Parallèlement à l’exposition FILMS d’Anne Teresa de Keermaeker qui s’est tenue au Musée de la danse et en attendant les représentations de Partita 2 (Anne Teresa de Keermaeker en duo avec Boris Charmatz) au TNB, cet avril, le Musée de la danse a permis au public rennais de découvrir des danseurs de grand talent, dont la technique n’a d’égal que l’imagination. Les spectateurs, venus nombreux, ont ainsi pu découvrir non pas des « travaux pratiques » d’étudiants, mais des œuvres chorégraphiques très abouties et ambitieuses de danseurs de grand potentiel au début d’une belle carrière.
En attendant de consacrer des articles dévoués particulièrement à quelques-unes des pièces présentées – dans un choix restreint éminemment subjectif –, voici un rapide panorama des œuvres proposées lors de ces deux soirées de P.A.R.T.S.@Rennes.

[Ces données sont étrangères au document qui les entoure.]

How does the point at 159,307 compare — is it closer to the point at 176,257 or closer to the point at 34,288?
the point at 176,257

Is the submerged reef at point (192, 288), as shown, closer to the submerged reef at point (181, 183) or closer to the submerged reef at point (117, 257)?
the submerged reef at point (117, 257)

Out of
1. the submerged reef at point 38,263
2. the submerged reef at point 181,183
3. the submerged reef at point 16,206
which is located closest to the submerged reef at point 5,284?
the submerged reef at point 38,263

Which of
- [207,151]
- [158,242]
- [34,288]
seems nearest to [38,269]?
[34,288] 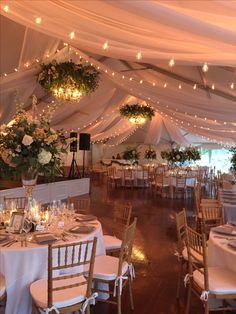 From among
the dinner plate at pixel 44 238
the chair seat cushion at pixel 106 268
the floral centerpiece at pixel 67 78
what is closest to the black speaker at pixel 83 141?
the floral centerpiece at pixel 67 78

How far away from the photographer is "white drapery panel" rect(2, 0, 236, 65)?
2.44 metres

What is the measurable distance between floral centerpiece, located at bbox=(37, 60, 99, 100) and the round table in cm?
391

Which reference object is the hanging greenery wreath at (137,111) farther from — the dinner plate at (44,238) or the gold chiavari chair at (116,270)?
the dinner plate at (44,238)

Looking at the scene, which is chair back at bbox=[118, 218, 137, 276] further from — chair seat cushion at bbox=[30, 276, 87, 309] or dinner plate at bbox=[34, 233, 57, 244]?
dinner plate at bbox=[34, 233, 57, 244]

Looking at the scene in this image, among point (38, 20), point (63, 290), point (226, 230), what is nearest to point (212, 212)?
point (226, 230)

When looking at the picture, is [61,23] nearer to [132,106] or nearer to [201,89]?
[201,89]

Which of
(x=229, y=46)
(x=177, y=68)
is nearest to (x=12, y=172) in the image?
(x=229, y=46)

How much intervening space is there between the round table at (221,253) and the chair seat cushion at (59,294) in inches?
58.0

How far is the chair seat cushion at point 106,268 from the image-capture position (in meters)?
3.33

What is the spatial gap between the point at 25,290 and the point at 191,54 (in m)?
2.78

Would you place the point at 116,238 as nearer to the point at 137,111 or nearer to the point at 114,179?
the point at 137,111

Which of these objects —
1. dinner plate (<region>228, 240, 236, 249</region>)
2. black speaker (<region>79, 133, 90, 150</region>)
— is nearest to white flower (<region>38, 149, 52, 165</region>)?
dinner plate (<region>228, 240, 236, 249</region>)

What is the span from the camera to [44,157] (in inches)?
134

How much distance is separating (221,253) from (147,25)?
2.42 meters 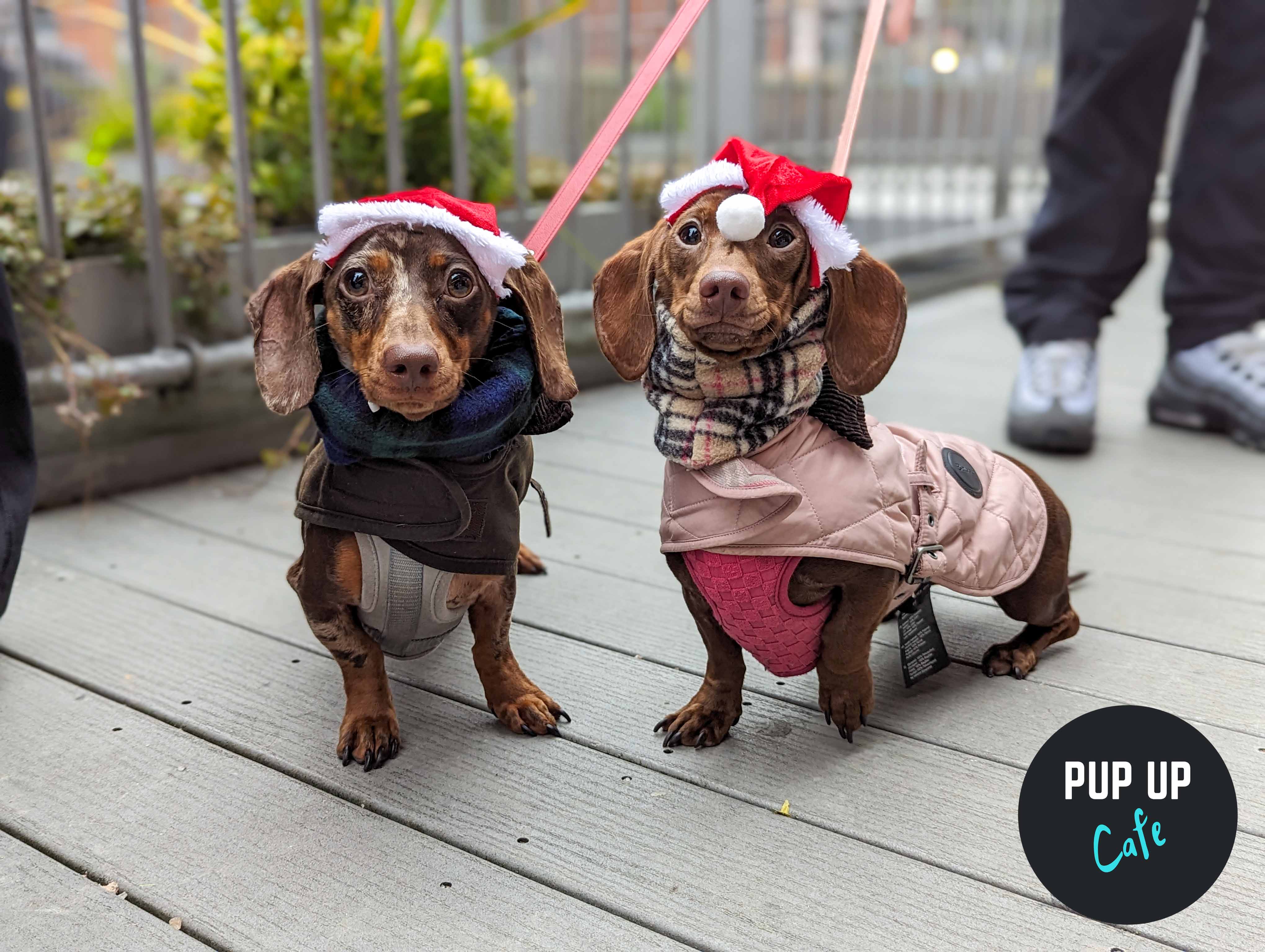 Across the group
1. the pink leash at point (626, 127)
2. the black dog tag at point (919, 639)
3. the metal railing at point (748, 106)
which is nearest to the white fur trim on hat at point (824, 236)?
the pink leash at point (626, 127)

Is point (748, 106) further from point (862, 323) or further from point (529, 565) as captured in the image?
point (862, 323)

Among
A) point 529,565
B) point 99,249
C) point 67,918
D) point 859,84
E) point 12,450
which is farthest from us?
point 99,249

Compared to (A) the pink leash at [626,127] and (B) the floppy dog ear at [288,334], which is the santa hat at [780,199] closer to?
(A) the pink leash at [626,127]

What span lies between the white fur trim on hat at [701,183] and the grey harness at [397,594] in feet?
1.59

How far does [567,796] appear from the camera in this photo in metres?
1.29

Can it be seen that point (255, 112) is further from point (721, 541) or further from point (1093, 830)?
point (1093, 830)

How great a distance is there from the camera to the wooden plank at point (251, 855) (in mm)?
1066

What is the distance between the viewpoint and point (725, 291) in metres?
1.18

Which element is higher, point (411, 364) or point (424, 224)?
point (424, 224)

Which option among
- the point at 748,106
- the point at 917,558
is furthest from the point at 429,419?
the point at 748,106

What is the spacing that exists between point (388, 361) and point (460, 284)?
0.15m

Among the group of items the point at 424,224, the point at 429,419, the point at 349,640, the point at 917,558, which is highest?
the point at 424,224

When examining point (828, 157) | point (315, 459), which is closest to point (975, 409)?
point (828, 157)

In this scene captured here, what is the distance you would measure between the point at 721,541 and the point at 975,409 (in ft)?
6.04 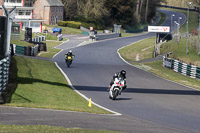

En préambule, il convient d’évoquer une œuvre exposée sur le mur dans le couloir qui mène à une des salles de répétition et de spectacle du Garage. Il s’agit d’un travail réalisé par un ancien étudiant de P.A.R.T.S., Cyriaque Villemaux et d’une plasticienne Julie Kowalczyk[1]. Ils se sont associés pour créer, dans un grand format carré de 1,5 m de large environ, une sorte bande dessinée expérimentale, sans queue ni tête, sans haut ni bas, agençant mots et images sur le modèle du cadavre exquis. On y voit des personnages indéfinissables, avec parfois de minuscules têtes découpées dans des photos, qui tiennent des propos insensés et circulent dans le plus grand désordre dans un paysage parsemé de collines. L’œuvre tire parti des expériences surréalistes et des audaces de l’Art Brut.
The Breakfast Club (2012)
chorégraphie, texte et interprétation : Bryana Fritz & Christoffer Schieche
Cette pièce hybride danse, poésie et théâtre d’objets. Un garçon, une fille, une table, une écharpe, une dizaine de verres. Tout un univers de potentialités ! Un couple porte des toasts au passé et à l’avenir, en voyageant dans le temps et l’espace, positionnés sur de simples verres. Ces verres au comportement imprévisible qui freinent au lieu de glisser, qui glissent au lieu de freiner, maintiennent nos gais lurons dans des équilibres précaires et déterminent le style chaloupé de leurs déambulations erratiques. Pourtant, jusqu’au bout du chemin, le couple conservera sa cohésion, et sa dignité !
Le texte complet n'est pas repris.